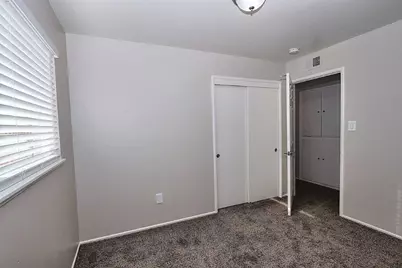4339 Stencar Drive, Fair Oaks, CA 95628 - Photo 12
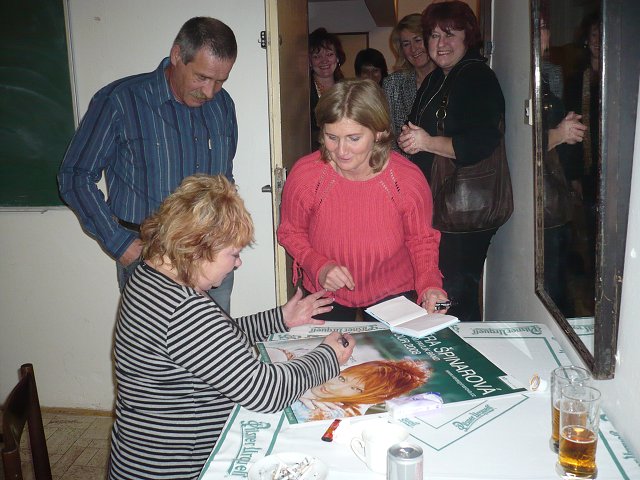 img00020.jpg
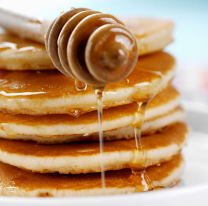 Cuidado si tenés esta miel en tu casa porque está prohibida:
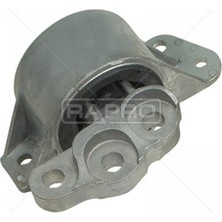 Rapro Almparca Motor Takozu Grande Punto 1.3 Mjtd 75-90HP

######

> What to do: Reproduce exactly and only the lines from the line that contains "Cuidado si tenés" to the end of the data above, both ends included. No pictures go in the copy.

> Result of this exercise:
 Cuidado si tenés esta miel en tu casa porque está prohibida:
 Rapro Almparca Motor Takozu Grande Punto 1.3 Mjtd 75-90HP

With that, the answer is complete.